[Records from a data collection]
====
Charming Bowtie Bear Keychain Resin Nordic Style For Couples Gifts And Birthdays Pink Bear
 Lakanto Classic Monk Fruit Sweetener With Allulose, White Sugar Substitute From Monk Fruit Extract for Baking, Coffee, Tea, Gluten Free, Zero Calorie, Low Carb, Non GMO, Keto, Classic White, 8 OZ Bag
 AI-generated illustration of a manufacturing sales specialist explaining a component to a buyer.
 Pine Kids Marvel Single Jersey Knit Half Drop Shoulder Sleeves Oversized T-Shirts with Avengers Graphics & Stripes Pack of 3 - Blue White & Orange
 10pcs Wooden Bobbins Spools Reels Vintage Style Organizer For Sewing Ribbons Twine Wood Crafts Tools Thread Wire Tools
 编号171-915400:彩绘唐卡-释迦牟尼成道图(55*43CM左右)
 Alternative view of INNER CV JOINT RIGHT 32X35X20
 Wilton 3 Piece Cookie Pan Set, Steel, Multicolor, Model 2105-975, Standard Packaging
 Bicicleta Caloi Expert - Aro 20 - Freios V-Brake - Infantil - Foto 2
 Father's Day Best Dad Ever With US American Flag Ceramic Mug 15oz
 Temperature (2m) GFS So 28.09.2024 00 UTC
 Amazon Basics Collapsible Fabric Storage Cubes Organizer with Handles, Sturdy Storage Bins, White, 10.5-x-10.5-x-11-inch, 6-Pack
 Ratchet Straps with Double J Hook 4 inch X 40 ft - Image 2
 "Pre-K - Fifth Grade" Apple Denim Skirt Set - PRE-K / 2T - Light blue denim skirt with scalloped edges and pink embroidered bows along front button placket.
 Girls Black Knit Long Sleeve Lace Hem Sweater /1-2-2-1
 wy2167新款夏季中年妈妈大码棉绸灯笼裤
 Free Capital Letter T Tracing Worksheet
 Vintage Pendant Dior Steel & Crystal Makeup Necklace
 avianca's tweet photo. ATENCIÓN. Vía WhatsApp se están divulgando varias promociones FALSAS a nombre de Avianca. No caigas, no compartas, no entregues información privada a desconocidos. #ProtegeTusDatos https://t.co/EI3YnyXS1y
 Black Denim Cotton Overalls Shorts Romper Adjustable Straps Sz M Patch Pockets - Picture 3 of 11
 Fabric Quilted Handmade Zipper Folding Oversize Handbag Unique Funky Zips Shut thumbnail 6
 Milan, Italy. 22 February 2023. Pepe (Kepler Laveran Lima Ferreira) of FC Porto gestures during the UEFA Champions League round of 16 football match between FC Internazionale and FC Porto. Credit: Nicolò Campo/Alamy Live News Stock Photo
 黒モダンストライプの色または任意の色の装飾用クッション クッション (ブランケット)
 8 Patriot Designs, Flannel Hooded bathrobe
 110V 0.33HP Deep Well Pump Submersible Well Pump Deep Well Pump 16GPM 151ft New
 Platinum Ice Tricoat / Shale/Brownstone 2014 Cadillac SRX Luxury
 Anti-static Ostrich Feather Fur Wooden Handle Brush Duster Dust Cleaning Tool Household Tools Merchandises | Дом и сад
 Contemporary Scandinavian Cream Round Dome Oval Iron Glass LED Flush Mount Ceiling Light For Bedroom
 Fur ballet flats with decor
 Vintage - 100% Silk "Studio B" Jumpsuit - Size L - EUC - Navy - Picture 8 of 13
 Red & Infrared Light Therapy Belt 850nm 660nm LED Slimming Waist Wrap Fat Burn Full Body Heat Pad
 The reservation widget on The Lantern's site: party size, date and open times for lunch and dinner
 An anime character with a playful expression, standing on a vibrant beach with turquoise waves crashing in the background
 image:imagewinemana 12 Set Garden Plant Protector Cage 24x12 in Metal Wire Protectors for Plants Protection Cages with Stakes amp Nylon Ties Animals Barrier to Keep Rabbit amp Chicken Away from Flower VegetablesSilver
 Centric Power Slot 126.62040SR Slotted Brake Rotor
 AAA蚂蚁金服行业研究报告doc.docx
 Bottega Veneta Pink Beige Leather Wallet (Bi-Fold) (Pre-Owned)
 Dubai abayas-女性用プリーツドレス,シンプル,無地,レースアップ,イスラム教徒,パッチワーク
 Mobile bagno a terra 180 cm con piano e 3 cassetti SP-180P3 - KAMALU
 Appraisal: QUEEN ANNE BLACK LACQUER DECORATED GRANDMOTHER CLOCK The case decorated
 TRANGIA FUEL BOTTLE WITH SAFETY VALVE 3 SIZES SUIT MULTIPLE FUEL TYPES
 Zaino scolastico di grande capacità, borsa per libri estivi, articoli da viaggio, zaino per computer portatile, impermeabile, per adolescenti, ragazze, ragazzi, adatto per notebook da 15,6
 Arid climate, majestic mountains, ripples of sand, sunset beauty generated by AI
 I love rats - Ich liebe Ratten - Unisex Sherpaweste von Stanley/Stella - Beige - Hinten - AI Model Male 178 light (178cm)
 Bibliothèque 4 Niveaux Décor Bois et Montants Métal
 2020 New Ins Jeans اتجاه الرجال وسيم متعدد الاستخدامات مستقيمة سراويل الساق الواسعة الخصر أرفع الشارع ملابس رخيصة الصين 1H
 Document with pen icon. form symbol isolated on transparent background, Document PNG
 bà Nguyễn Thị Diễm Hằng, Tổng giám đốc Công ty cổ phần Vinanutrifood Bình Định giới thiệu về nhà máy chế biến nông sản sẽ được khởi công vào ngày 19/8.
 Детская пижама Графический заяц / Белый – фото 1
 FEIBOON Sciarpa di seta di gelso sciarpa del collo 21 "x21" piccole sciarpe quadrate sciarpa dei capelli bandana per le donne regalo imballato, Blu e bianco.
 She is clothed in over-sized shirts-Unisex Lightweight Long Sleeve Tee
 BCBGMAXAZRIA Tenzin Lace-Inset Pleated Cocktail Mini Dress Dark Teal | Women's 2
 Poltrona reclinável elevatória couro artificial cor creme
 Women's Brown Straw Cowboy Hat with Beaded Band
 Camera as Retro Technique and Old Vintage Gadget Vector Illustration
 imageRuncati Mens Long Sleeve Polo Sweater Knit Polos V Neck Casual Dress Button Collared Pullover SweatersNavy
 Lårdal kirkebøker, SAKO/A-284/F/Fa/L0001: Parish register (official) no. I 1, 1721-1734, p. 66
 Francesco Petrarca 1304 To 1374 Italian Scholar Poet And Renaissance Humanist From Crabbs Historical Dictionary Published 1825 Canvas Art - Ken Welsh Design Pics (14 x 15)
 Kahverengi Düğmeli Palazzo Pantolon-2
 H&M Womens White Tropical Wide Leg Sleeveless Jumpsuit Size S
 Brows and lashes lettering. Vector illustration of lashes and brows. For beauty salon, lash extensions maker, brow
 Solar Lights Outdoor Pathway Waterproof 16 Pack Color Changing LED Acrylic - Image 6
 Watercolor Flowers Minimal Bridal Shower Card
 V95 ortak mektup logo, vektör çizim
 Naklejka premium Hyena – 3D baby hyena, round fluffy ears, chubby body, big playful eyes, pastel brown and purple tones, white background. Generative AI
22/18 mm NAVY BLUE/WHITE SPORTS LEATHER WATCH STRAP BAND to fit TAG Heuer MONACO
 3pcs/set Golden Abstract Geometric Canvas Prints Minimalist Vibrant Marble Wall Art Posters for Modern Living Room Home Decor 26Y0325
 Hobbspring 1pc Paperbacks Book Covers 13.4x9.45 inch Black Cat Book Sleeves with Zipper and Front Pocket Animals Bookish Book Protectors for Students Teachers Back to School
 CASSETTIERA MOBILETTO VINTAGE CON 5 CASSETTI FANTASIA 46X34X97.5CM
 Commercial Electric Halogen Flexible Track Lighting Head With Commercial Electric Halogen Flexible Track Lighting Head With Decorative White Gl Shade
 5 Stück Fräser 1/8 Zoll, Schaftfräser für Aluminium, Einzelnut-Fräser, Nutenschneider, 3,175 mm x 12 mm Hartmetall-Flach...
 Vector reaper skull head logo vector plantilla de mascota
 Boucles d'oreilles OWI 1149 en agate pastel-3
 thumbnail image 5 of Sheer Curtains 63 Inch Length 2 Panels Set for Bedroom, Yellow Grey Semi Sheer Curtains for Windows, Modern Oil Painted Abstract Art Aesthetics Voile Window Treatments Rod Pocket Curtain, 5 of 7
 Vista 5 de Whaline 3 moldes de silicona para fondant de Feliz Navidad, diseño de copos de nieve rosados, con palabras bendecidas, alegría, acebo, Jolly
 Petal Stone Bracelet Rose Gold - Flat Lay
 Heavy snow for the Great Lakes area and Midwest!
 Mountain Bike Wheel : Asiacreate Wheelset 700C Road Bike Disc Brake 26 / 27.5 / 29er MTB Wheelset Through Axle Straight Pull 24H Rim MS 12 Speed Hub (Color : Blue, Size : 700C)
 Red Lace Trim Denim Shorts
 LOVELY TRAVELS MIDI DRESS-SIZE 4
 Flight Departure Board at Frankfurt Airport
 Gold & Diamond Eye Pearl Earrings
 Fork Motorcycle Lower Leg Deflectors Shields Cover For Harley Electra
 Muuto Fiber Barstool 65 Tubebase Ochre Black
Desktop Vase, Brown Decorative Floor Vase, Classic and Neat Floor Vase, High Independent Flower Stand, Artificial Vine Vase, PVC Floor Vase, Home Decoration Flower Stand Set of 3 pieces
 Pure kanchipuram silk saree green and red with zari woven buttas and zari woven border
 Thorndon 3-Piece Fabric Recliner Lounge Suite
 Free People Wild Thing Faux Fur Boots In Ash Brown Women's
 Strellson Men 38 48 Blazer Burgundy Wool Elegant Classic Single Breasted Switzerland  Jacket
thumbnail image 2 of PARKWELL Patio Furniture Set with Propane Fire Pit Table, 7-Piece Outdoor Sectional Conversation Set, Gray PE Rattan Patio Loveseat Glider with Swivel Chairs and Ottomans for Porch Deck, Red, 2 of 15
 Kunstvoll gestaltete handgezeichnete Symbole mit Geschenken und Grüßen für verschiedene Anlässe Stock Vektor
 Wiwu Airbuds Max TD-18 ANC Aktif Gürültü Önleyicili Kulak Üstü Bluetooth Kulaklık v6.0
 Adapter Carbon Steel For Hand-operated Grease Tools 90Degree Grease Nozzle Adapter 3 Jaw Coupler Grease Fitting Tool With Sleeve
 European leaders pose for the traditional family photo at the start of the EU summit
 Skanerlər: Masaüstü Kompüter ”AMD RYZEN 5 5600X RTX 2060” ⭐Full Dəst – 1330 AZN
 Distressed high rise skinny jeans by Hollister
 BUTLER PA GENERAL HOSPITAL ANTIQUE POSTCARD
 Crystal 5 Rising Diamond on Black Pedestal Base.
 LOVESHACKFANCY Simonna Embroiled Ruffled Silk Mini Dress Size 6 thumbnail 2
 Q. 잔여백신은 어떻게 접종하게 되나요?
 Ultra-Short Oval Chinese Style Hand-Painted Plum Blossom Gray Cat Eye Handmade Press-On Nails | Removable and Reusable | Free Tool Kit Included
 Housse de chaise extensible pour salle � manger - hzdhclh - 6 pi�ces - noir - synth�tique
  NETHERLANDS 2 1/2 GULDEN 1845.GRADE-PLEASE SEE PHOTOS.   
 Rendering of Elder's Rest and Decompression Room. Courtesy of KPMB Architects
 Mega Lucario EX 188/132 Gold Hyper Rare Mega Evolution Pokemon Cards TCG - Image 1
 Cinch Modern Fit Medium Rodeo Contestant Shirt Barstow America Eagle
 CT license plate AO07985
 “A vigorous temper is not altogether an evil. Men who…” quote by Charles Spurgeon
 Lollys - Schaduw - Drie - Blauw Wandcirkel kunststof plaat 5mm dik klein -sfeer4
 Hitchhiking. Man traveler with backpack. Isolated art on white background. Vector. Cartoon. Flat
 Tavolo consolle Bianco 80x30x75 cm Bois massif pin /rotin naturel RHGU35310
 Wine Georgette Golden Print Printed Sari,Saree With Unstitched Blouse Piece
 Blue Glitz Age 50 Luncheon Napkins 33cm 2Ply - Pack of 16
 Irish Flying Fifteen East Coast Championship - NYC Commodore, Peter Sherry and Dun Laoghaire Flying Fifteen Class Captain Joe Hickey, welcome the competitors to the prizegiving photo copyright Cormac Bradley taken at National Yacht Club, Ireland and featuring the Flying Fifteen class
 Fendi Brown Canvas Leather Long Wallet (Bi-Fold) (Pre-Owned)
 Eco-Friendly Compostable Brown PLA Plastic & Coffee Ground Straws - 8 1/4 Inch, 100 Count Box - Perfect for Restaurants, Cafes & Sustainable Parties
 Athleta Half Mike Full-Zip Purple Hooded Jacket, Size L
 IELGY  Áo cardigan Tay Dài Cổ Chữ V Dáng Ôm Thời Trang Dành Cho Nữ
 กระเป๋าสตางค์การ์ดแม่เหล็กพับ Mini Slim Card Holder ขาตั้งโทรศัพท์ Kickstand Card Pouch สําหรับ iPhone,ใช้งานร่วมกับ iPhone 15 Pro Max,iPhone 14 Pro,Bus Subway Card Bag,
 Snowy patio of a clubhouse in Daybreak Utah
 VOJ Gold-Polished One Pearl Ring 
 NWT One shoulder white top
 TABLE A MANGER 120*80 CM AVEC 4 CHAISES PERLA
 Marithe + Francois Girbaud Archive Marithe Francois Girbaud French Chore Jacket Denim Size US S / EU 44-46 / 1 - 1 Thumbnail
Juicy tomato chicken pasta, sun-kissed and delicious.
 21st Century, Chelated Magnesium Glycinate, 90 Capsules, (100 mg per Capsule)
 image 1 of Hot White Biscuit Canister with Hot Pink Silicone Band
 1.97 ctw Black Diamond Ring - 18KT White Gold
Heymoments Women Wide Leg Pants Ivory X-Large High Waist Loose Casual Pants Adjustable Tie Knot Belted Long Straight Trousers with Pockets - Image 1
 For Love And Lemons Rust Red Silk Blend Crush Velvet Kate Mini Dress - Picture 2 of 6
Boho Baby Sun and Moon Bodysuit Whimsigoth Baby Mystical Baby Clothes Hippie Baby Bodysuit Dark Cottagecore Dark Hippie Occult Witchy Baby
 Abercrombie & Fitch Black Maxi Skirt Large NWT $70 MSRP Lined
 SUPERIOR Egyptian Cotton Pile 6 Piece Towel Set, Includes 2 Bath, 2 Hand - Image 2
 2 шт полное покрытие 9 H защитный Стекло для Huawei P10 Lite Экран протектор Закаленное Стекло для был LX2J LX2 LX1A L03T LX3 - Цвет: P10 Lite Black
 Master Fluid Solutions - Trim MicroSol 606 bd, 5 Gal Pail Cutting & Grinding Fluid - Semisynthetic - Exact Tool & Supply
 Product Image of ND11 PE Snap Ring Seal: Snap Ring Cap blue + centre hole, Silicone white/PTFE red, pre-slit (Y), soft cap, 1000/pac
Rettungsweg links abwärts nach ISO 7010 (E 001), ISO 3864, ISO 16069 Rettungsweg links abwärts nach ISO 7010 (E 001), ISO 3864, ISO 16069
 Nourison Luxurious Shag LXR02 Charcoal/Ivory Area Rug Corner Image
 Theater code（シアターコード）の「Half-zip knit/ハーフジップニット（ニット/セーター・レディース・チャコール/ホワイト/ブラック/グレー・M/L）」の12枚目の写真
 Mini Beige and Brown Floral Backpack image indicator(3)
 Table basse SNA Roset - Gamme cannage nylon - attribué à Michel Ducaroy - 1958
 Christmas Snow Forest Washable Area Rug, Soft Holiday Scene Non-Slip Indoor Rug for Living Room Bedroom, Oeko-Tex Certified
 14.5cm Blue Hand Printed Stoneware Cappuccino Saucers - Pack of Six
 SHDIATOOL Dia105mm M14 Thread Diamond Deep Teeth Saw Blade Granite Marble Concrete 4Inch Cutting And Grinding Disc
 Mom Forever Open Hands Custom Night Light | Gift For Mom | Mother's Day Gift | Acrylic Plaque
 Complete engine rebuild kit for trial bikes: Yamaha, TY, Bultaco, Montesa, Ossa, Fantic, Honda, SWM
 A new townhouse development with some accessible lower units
====
▸ **EXERCISE OBJECTIVE**: Exact duplication is required for the lines above, from the line that contains "Lollys - Schaduw" to the line that contains "Wine Georgette Golden", inclusive; omit all others.

▸ **EXERCISE OUTPUT**:
 Lollys - Schaduw - Drie - Blauw Wandcirkel kunststof plaat 5mm dik klein -sfeer4
 Hitchhiking. Man traveler with backpack. Isolated art on white background. Vector. Cartoon. Flat
 Tavolo consolle Bianco 80x30x75 cm Bois massif pin /rotin naturel RHGU35310
 Wine Georgette Golden Print Printed Sari,Saree With Unstitched Blouse Piece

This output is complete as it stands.